== RECORD EXCERPTS ==
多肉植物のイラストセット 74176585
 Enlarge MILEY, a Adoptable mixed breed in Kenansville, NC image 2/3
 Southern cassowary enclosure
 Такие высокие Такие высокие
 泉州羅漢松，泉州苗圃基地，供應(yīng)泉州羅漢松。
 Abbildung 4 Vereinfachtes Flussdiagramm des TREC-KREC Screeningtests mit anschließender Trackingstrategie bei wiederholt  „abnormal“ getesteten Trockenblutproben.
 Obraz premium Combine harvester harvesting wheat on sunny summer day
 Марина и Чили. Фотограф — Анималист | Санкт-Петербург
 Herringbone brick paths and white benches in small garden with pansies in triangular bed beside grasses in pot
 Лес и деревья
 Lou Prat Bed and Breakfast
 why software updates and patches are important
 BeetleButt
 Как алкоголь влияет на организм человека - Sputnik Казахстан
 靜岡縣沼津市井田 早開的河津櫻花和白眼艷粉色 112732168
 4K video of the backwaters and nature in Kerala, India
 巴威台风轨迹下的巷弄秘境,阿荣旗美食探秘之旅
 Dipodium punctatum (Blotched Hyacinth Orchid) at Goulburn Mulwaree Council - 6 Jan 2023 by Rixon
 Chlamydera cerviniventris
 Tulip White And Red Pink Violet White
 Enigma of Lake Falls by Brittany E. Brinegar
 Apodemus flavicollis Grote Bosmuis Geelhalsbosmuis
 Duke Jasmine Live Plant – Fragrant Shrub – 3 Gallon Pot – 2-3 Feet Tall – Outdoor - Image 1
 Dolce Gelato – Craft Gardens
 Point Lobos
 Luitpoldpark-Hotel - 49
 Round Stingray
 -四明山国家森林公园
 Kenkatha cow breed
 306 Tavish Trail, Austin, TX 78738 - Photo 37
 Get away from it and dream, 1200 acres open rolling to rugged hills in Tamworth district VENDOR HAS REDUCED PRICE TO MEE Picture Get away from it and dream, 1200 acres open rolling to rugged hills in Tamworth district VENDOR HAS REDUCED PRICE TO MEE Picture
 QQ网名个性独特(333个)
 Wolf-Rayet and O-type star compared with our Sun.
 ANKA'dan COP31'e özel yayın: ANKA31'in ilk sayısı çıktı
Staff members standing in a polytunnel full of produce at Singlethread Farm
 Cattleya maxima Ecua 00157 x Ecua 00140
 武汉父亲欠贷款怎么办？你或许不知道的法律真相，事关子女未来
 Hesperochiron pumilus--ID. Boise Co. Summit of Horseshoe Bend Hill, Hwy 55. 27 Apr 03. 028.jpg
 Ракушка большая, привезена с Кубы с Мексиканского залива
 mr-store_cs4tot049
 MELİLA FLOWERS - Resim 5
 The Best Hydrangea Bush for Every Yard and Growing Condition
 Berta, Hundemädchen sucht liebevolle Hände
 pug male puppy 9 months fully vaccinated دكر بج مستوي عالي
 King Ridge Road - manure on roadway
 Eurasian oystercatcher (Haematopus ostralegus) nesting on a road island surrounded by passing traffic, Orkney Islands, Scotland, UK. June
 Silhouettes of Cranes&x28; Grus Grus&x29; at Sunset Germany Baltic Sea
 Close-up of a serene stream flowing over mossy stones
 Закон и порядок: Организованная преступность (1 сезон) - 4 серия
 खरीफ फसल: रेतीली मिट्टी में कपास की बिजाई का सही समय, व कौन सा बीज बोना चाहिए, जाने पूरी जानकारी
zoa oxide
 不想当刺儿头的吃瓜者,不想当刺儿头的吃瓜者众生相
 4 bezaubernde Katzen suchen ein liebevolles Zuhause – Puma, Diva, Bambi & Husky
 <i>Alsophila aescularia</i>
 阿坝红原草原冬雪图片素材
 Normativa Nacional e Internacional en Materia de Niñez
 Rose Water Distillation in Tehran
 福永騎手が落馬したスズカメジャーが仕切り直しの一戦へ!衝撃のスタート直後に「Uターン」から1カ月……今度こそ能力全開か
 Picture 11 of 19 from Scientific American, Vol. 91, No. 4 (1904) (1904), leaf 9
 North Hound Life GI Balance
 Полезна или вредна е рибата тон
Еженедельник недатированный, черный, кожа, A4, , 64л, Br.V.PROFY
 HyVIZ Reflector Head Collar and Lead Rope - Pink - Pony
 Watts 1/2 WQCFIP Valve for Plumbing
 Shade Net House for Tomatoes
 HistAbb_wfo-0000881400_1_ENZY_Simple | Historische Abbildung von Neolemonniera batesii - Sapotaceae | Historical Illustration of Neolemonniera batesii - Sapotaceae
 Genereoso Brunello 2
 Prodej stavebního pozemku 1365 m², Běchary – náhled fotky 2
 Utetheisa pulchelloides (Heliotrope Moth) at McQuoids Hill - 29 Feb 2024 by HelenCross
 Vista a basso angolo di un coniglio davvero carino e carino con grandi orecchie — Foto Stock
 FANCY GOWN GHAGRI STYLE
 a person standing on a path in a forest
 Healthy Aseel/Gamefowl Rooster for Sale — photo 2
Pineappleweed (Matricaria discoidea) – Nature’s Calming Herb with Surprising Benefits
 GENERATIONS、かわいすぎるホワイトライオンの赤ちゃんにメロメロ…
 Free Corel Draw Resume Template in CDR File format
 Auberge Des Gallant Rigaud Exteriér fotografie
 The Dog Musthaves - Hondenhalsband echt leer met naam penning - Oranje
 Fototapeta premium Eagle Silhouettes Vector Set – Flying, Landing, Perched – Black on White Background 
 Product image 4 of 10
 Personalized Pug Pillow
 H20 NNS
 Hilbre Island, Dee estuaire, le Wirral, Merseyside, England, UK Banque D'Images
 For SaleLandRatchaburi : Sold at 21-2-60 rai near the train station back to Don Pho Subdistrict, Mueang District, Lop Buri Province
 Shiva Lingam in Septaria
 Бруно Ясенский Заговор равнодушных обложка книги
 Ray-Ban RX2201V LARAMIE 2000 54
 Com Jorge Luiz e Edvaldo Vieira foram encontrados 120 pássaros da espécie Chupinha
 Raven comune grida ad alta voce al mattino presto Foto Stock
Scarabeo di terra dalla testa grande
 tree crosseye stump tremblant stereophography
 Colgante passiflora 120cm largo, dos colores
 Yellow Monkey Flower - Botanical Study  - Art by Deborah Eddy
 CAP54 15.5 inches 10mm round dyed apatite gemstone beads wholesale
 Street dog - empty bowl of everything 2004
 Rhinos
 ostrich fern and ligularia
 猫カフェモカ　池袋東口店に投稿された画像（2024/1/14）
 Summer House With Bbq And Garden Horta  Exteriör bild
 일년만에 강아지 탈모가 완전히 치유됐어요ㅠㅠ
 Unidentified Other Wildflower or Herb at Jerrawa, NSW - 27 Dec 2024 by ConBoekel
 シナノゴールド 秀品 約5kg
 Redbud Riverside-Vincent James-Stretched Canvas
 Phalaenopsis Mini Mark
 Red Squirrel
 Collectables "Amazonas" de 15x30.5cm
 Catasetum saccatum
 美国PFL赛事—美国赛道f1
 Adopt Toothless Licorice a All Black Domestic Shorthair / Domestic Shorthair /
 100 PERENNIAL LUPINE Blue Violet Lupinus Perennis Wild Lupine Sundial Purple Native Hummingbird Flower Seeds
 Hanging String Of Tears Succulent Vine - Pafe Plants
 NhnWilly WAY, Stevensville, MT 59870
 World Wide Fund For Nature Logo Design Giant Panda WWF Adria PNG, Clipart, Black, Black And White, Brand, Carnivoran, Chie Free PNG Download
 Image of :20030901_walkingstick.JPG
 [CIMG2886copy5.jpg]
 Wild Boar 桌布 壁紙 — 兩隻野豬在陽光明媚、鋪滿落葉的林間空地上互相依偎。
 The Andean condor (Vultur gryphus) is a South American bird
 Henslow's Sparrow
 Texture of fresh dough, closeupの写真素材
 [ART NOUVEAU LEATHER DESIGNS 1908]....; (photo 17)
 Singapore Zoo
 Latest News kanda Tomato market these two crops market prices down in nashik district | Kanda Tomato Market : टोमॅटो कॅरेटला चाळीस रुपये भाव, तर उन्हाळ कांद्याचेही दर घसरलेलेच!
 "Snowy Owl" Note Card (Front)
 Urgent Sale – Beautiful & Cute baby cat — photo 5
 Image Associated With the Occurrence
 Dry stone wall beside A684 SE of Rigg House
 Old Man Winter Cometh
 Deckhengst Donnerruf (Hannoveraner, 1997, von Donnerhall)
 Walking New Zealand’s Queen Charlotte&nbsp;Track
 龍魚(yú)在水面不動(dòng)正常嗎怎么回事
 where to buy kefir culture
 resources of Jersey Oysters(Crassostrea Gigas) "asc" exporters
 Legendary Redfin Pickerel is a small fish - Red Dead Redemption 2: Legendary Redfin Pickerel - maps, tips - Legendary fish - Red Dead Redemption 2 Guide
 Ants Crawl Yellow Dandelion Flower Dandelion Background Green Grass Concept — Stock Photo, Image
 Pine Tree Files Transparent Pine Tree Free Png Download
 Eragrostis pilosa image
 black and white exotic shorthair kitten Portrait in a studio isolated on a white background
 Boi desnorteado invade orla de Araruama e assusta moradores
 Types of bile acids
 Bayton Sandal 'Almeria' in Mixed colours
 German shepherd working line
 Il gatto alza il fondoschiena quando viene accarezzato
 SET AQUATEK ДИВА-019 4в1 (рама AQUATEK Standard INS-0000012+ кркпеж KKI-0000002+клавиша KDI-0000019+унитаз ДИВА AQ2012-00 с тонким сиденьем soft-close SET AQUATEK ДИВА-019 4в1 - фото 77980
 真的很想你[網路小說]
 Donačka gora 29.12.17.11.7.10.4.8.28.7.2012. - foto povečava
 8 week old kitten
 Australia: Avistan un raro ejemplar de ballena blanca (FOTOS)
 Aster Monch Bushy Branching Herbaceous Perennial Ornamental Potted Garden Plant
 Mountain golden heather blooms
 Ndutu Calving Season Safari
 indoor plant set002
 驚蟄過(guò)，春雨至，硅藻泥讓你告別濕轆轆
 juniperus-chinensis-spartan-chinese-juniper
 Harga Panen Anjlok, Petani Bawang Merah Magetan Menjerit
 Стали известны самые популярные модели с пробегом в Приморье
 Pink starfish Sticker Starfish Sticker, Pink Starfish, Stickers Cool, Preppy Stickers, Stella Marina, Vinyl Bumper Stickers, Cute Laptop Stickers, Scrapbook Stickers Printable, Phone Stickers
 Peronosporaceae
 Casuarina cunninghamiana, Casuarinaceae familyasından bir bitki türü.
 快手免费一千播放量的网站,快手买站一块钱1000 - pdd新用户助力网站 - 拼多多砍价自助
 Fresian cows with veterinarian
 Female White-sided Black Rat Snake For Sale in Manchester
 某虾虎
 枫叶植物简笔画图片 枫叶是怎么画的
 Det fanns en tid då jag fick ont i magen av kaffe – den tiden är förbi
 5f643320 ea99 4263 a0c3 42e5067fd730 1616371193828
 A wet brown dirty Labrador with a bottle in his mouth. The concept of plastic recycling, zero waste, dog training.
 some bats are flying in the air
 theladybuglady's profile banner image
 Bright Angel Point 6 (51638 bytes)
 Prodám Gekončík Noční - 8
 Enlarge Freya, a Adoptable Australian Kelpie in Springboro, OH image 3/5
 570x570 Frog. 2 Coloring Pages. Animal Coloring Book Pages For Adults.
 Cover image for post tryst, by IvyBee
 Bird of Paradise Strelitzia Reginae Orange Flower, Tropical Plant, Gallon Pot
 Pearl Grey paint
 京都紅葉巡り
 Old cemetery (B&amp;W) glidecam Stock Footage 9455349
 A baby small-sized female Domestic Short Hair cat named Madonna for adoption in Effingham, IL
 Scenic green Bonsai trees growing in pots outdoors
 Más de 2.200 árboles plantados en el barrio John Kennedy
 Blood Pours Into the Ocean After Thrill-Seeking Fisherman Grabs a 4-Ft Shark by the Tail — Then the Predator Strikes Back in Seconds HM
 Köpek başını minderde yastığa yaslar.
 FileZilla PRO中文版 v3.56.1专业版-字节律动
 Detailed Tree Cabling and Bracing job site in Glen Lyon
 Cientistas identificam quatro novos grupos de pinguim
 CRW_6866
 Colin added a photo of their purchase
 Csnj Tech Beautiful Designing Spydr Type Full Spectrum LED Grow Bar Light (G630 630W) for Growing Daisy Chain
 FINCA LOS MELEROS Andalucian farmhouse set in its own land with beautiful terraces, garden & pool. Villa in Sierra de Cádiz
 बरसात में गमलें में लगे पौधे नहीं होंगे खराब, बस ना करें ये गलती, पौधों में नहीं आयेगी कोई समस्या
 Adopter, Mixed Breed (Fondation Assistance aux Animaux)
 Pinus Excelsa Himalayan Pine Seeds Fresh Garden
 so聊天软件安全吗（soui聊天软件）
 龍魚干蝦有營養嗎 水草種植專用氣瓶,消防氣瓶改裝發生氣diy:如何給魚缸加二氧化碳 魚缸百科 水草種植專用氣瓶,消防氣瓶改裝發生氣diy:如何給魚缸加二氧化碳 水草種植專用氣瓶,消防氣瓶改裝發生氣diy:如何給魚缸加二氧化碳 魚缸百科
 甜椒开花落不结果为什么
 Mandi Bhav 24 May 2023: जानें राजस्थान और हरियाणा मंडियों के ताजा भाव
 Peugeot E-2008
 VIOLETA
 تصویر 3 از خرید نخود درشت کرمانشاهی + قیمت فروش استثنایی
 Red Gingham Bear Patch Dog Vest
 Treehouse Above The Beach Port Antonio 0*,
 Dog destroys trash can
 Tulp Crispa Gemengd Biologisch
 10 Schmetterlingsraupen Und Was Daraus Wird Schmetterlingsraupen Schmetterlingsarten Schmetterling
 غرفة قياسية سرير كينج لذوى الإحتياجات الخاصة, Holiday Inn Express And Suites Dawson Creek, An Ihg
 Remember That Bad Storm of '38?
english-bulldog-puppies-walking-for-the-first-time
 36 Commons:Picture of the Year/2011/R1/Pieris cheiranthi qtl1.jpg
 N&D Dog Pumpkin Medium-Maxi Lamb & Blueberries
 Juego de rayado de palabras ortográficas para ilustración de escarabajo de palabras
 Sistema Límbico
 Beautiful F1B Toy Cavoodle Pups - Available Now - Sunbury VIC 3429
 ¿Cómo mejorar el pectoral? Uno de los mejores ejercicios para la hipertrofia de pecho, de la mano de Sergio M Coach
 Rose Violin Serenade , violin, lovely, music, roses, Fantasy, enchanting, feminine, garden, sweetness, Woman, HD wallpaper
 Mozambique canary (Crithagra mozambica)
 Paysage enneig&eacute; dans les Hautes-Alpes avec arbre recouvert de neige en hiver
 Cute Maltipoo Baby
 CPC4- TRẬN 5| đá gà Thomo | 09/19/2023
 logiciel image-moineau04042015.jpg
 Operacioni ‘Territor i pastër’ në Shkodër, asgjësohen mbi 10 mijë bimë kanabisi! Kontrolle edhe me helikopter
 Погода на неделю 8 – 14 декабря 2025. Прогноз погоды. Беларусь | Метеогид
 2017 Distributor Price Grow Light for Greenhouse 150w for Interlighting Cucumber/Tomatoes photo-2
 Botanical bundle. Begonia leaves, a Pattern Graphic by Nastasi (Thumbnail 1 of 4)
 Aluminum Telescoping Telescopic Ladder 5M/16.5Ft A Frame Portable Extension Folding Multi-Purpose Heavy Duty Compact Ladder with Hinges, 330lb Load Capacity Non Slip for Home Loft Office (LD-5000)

== PROMPT ==
With the first line being the one containing "MELİLA FLOWERS - Resim 5" and the last line the one containing "Close-up of a", transcribe exactly the lines above that fall in that range.

== RESULT OF THE TASK ==
 MELİLA FLOWERS - Resim 5
 The Best Hydrangea Bush for Every Yard and Growing Condition
 Berta, Hundemädchen sucht liebevolle Hände
 pug male puppy 9 months fully vaccinated دكر بج مستوي عالي
 King Ridge Road - manure on roadway
 Eurasian oystercatcher (Haematopus ostralegus) nesting on a road island surrounded by passing traffic, Orkney Islands, Scotland, UK. June
 Silhouettes of Cranes&x28; Grus Grus&x29; at Sunset Germany Baltic Sea
 Close-up of a serene stream flowing over mossy stones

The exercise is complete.